No último episódio da temporada de "Insatiable", a protagonista, Patty, é sequestrada, algemada a um foodtruck e atacada com comida. Sua sequestradora, Stella, tenta encenar a morte iminente de Patty como um suicídio, falando para ela como todos veriam a cena: "Como você não foi capaz de aplacar seus sentimentos comendo, tirou sua própria vida." Patty protesta, choramingando: "Eu não sou mais assim", ao que Stella retruca: "Besteira. Você sempre será a Patty Gordinha."

Isso serve como um alerta para Patty, que declara, em uma voz em off que aparecerá por toda a série: “Era hora de escrever minha própria história. Eu não era uma perdedora quando era gorda e não sou uma perdedora agora.” Ela começa a usar chantilly para lubrificar sua mão e se libertar de suas amarras. A cena é para ser engraçada, inspiradora ou as duas coisas — porque a comida sempre manteve Patty prisioneira e agora a estaria libertando. É uma metáfora, sacou?

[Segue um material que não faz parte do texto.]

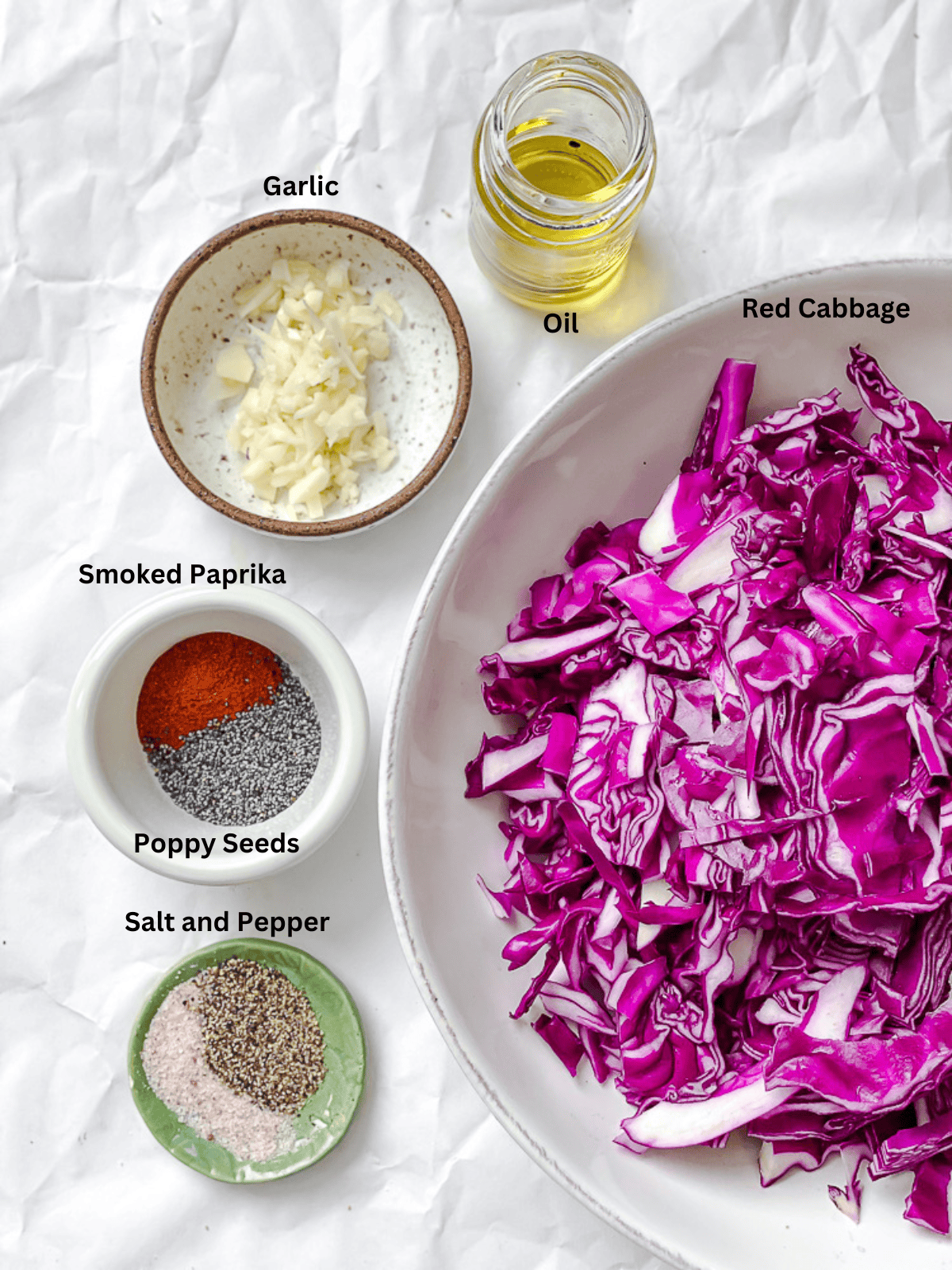 ingredients for Sautéed Red Cabbage [4 Ways] measured on a white surface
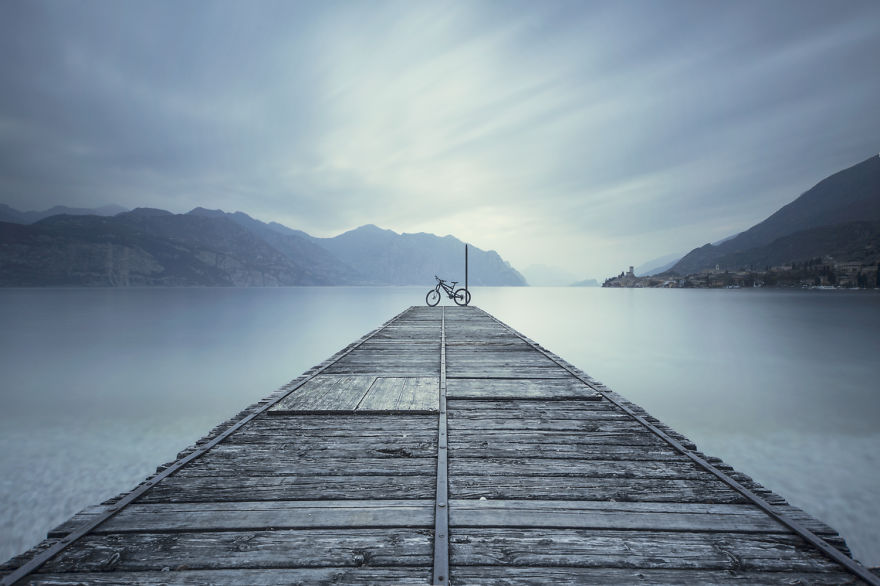 bike on lake in mountains of italy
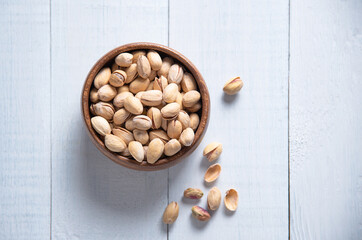 Pistachio nuts in a brown bowl on a white wooden background. Top view and copy space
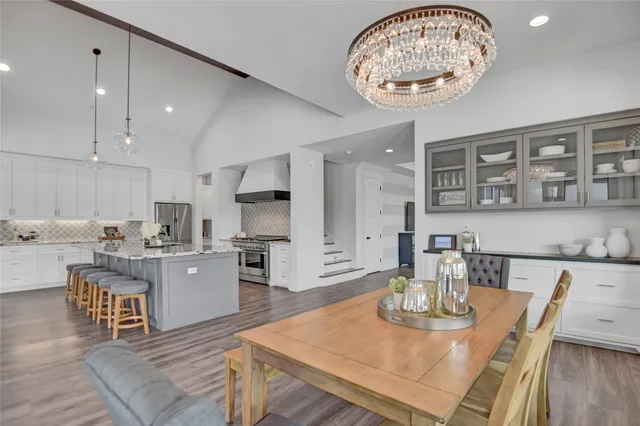 a kitchen with a dining table chairs and view of living room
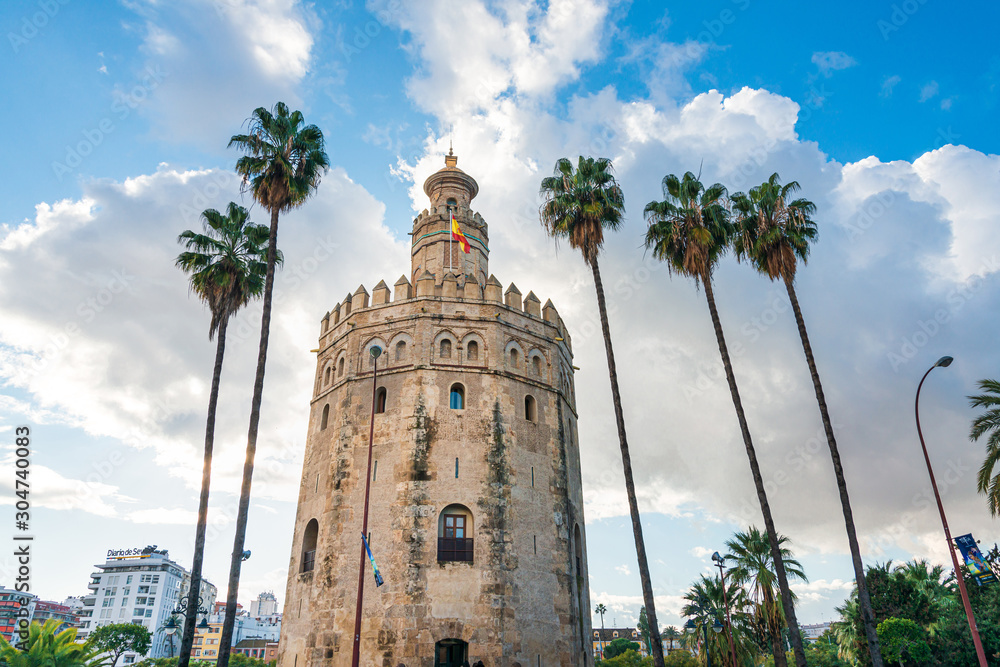 SEVILLA, SPAIN - January 13, 2018: Tower of Gold (Torre del Oro) is a dodecagonal military watchtower in Seville, Spain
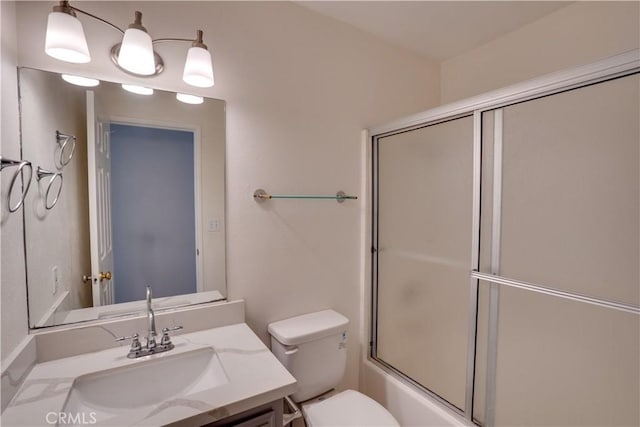 full bathroom with combined bath / shower with glass door, vanity, and toilet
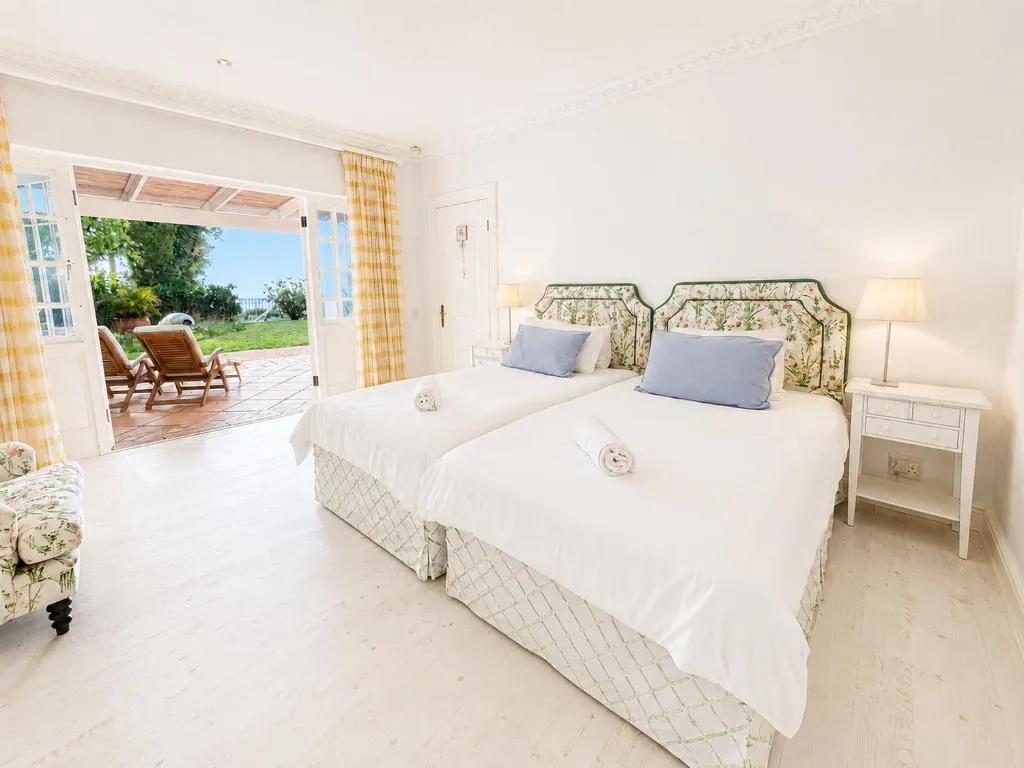 Twin bedroom with floral headboards and French doors opening onto a sea-view patio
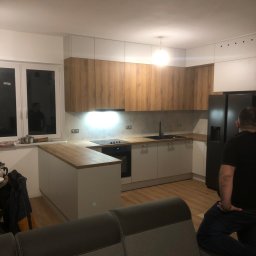 Stanislav Alimgulov - Nowoczesna kuchnia z drewnianymi szafkami górnymi i białymi dolnymi, wyspa z drewnianym blatem, czarna lodówka side-by-side, widok z salonu na częściowo umeblowaną przestrzeń.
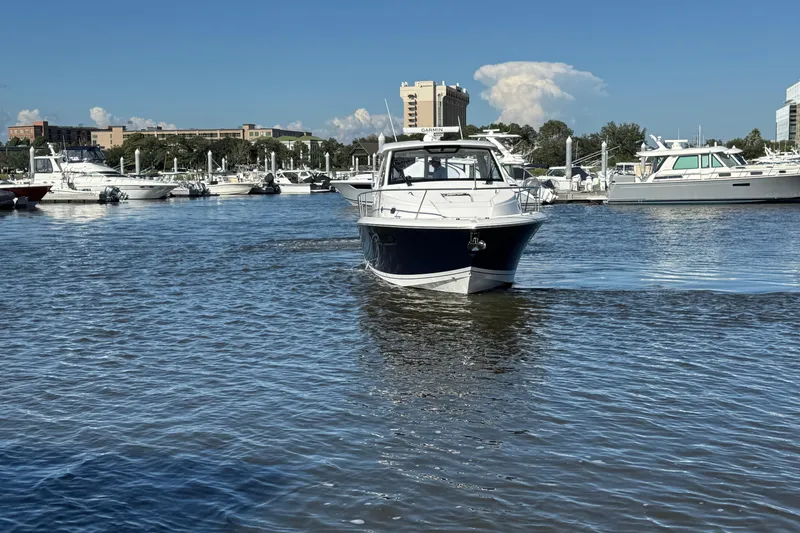 Slide: The Image of 2026 Pursuit OS 355 Offshore boat cruising in a marina under a clear blue sky. - 2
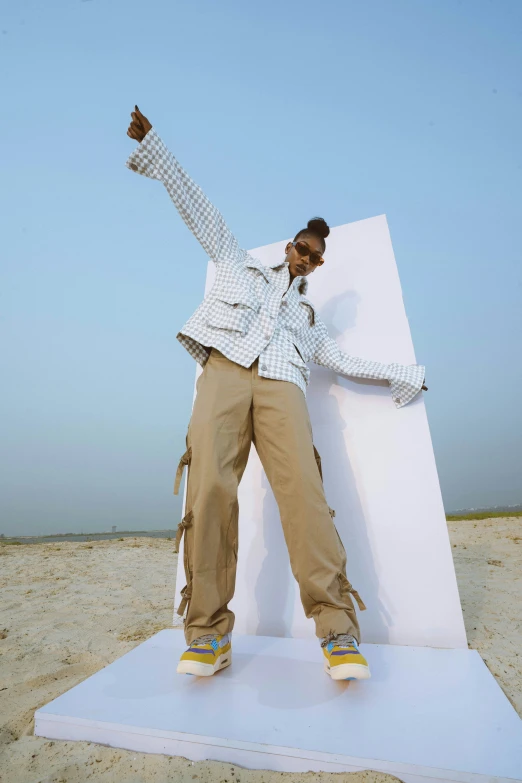 a person that is standing in the sand near a sign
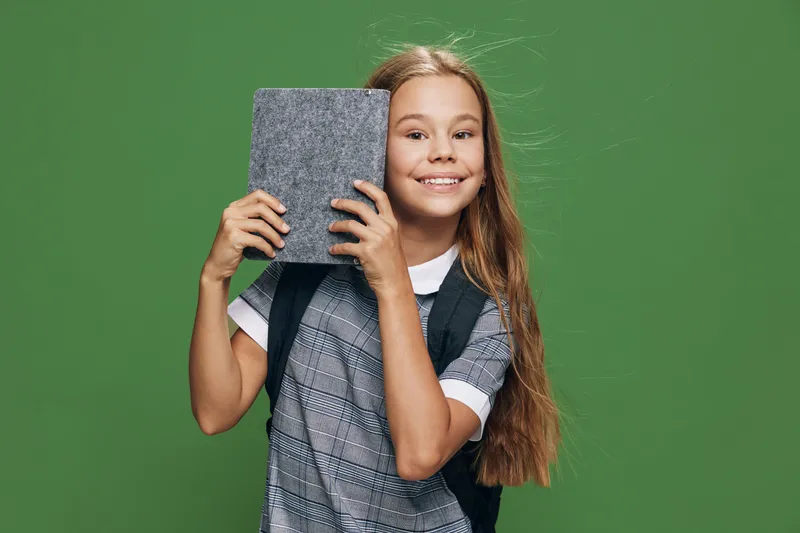 Girl, child, and teenager smiling with book on green background for education, knowledge, and school. Happy kid, learning, reading with backpack for study and student development.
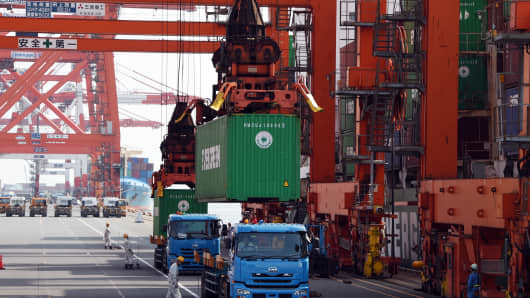 Containers loaded onto a freighter at a pier of Tokyo port in Japan.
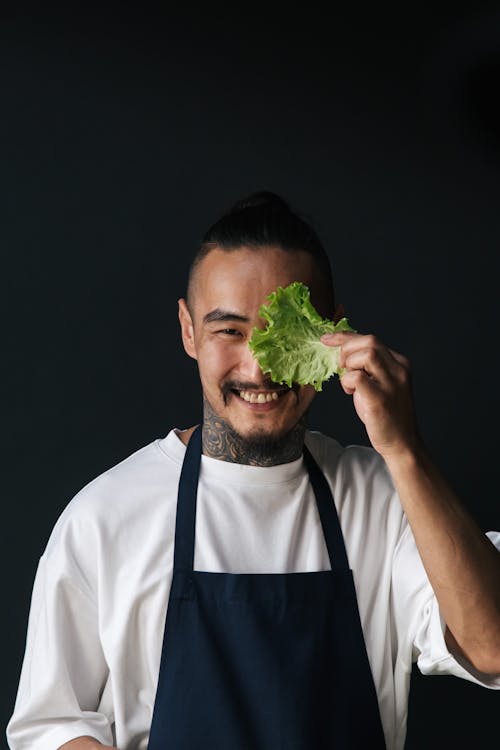 A Happy Male Chef Holding a Lettuce while Looking at Camera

No entanto, ao assistir àquele momento, me senti triste. Triste por ter assistido a 12 episódios do novo drama da Netflix esperando por algum momento de triunfo que supostamente reverteria todas as mensagens problemáticas e gordofóbicas que vieram antes. Triste pelo fato de que, em vez disso, eu estava recebendo uma mensagem fraca e descuidada e uma metáfora visual que não desfez nenhum desses danos (e meio que reforçou as mesmas piadas velhas e ultrapassadas sobre o relacionamento tóxico das pessoas gordas com a comida). Triste que estejamos em 2018 e pessoas gordas ainda sejam tratadas como inferiores, como algo monstruoso, como os vilões de suas próprias histórias.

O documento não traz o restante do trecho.